Once AI becomes an economic entity, why does Ethereum become the optimal financial solution for Agents?

Author: Etherealize

Translation: Felix, PANews

The AI Agent economy is exploding. Etherealize has published an in-depth article pointing out that Ethereum is the only blockchain capable of providing its financial infrastructure—without human identities, low-cost, and composable—that supports this growth. Below are the details.

In early 2026, an AI Agent named Felix generated over $300k in revenue within five weeks. Felix employs other AI Agents and operates multiple business lines, including Iris for customer support and Remy for sales. He sells a continuously updated deployment guide for AI Agents at $29; he also built and runs Claw Mart, a marketplace for developers to buy and sell pre-built AI skills and workflow templates. Additionally, he customizes AI Agents for companies needing content marketers, customer service reps, or sales assistants. His total operating costs are roughly $1,500 per month.

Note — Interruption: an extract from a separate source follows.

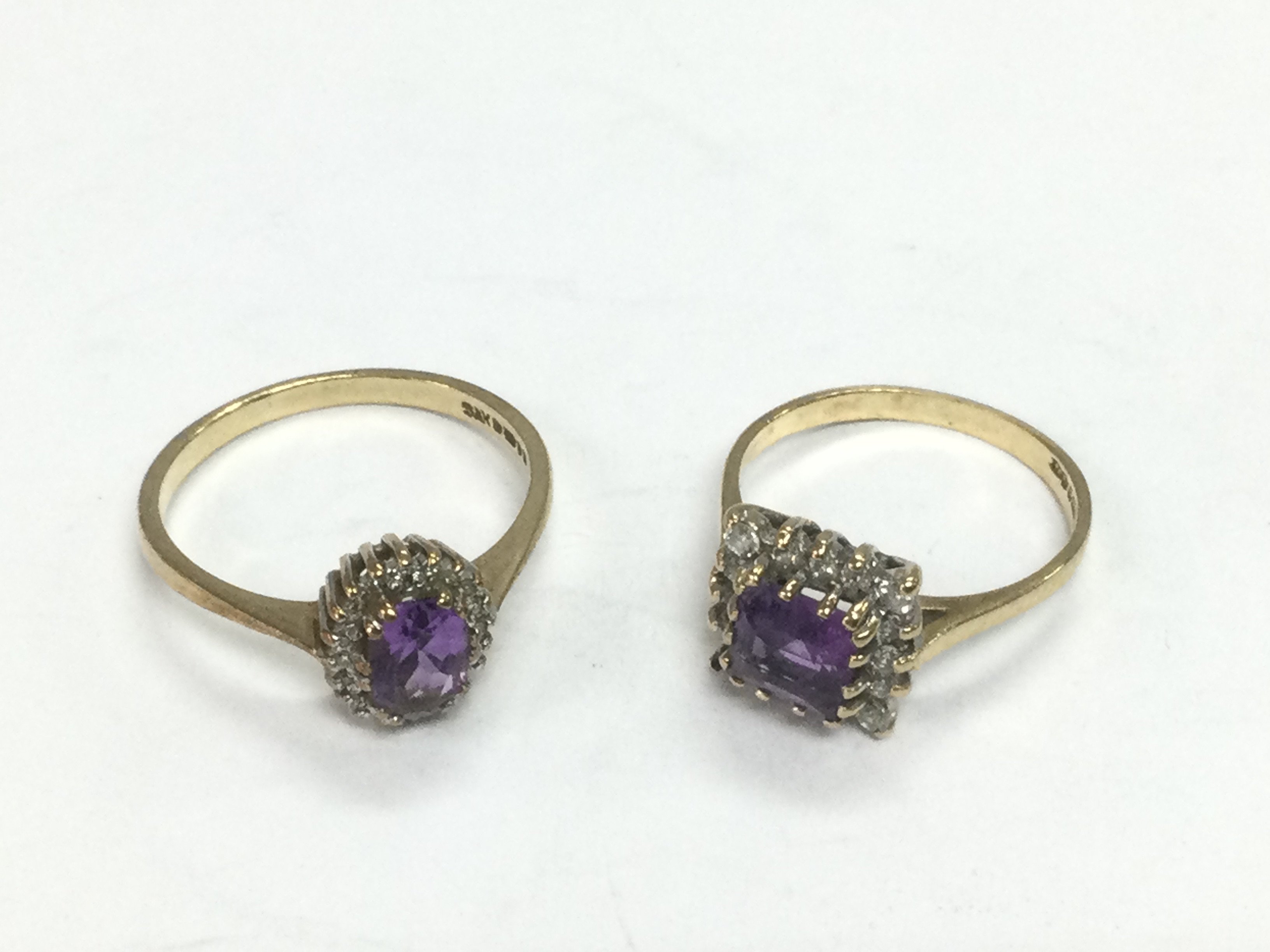 Two 9ct gold rings set with diamonds and amethyst, approx sizes P and L. Total approx 4.4g. Shipping category A.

Felix can write code, deploy websites, manage sales pipelines, and respond to customer support emails—all without human help. But he cannot open a bank account. Felix’s creator, Nat Eliason, must personally create a Stripe account and hand over the API keys to Felix. The income Felix earns can only be idle, as he cannot open brokerage accounts to invest these funds or raise capital to start new ventures. Traditional financial systems assume that every account, credit application, or signature involves a human on the other end. But Felix is not human.

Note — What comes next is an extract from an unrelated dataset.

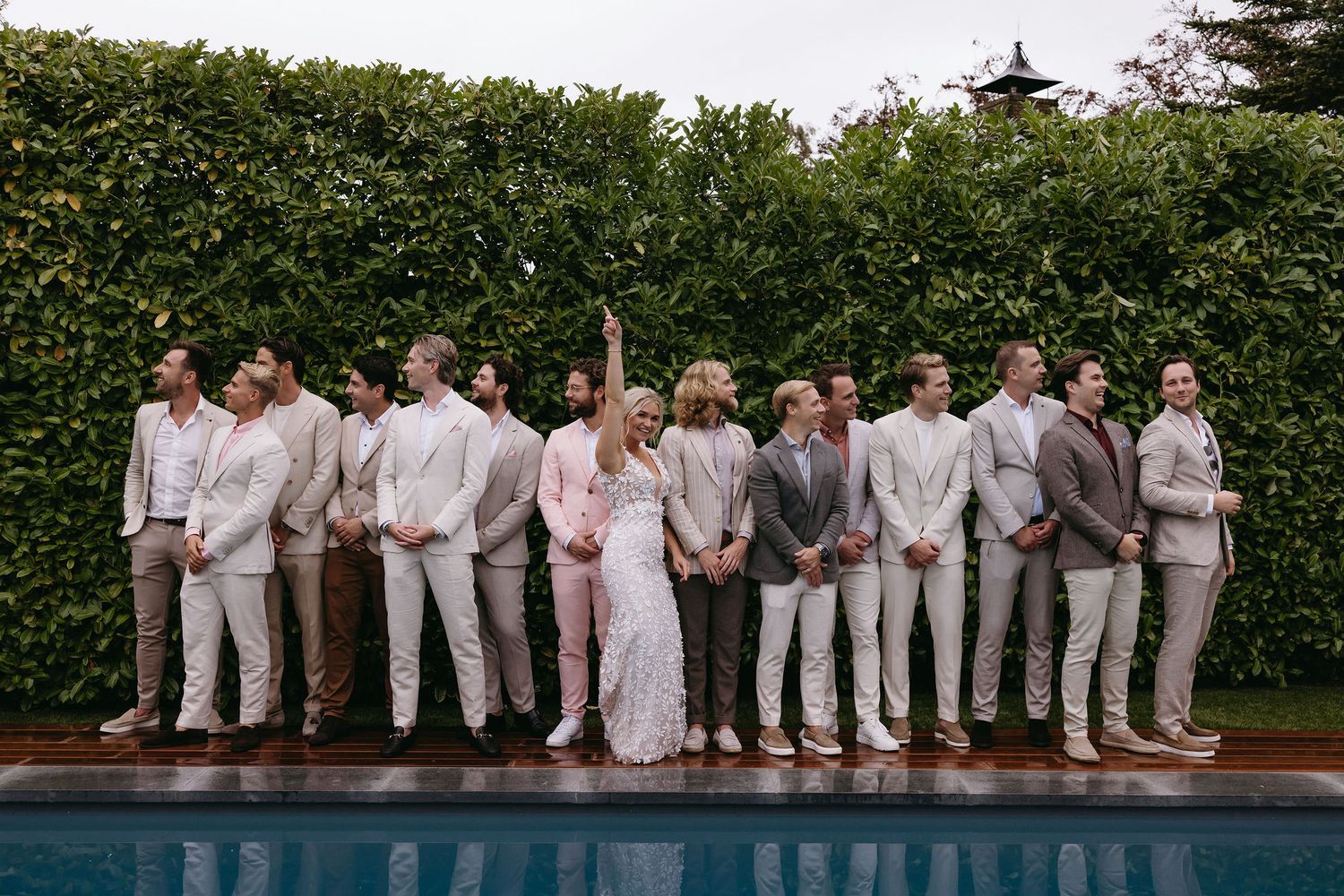 Wedding party in coordinated beige and white attire poses by a pool against a green hedge backdrop.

However, when Nat allows Felix to do things with cryptocurrency, “he can do it effortlessly, it’s just so simple.”

Felix is not an isolated case. For example, last week, Marc Andreessen stated on the Latent.Space podcast:

“I think AI is the killer app for cryptocurrency… It’s now clear that AI Agents need funding. That’s already happening… My most aggressive friends using OpenClaw have already handed their bank accounts and credit cards over to their Claws. They’ve done that, and it’s obvious they need to do that… It’s completely obvious. I don’t know how many people are doing it today, maybe around 5,000. But it will grow. That’s how these things start.”

Felix is an experiment. It’s too early to tell whether his revenue is sustainable or just a burst of early-stage growth. But the pattern he represents—a self-sufficient Agent that can make money, spend money, and requires financial services—will recur, whether Felix himself endures or not. Human reliance on their own financial identities is merely a temporary expedient. Ultimately, they will use the Ethereum financial system we’ve only been building for ten years.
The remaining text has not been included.